The strategic signal is vertical integration. OpenAI helped create the surge in compute demand that has defined the AI buildout; now it is trying to own more of the pipe that satisfies that demand. Greg Brockman, OpenAI's co-founder, framed the move in unusually direct terms, pointing to the broader shift: "The world is moving to a compute-powered economy."
OpenAI is not the first hyperscaler to take this path. Google has run its own Tensor Processing Units in production for nearly a decade, having announced its eighth generation of TPUs in April 2026. Amazon has Trainium and Inferentia. Microsoft has Maia. Meta has its MTIA chip. The shared logic: hyperscalers do not want a single-vendor dependency on Nvidia for the resource that powers their core product. OpenAI joining that list signals that custom silicon is now standard for any company whose business model depends on inference at scale.

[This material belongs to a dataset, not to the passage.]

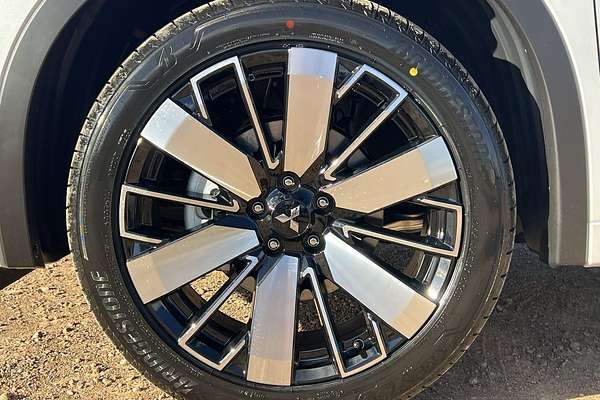 2025 Mitsubishi Outlander Exceed ZM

But the announcement is short on specifics. OpenAI claims its first-generation accelerator delivers performance-per-watt "substantially better than current state-of-the-art." The company did not say whether that baseline is Nvidia's current GPUs, prior AI accelerators like Groq or Cerebras, or OpenAI's own existing Cerebras-deployed inference stack. No process node, transistor count, power draw, or throughput numbers were disclosed. The Broadcom investor release confirms the partnership and the "LLM-optimized intelligence processor" framing but does not add hard numbers either.

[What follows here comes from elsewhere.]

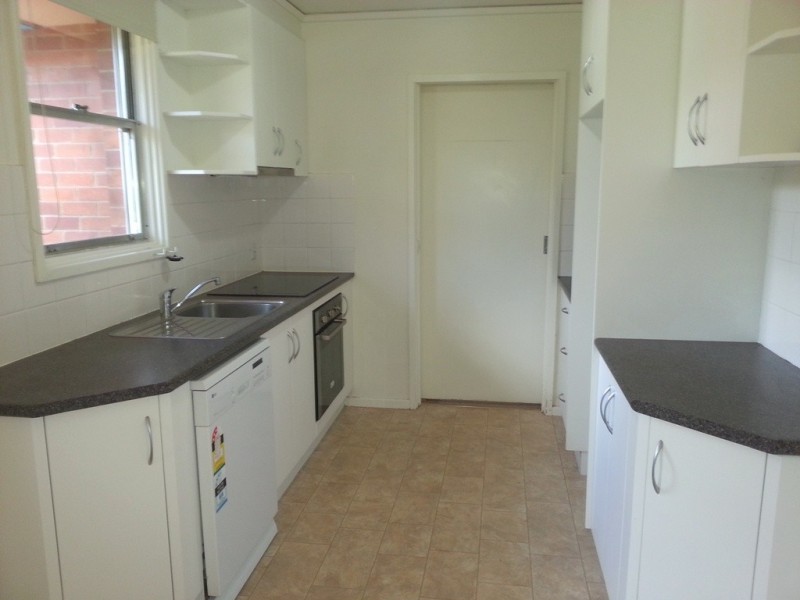 7 McNicoll Street, Hughes ACT 2605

That ambiguity is the story. Without a stated comparison, "substantially better" is a claim, not a measurement, and one that EE Times treats as the news rather than the headline.
Jalapeño is also not OpenAI's only inference bet. The company has a separate, ongoing partnership with Cerebras for wafer-scale inference systems, which use entire silicon wafers as a single processor. Calling Jalapeño OpenAI's "first custom chip," as some headlines did, obscures that OpenAI is building a portfolio of inference architectures rather than committing to a single design.
What to watch: OpenAI says Jalapeño targets gigawatt-scale deployment across multiple generations with data center partners, a scale that requires factory-sized power commitments. The next test is whether any independent benchmark, or any shipped system, will let observers measure whether "substantially better" actually held up.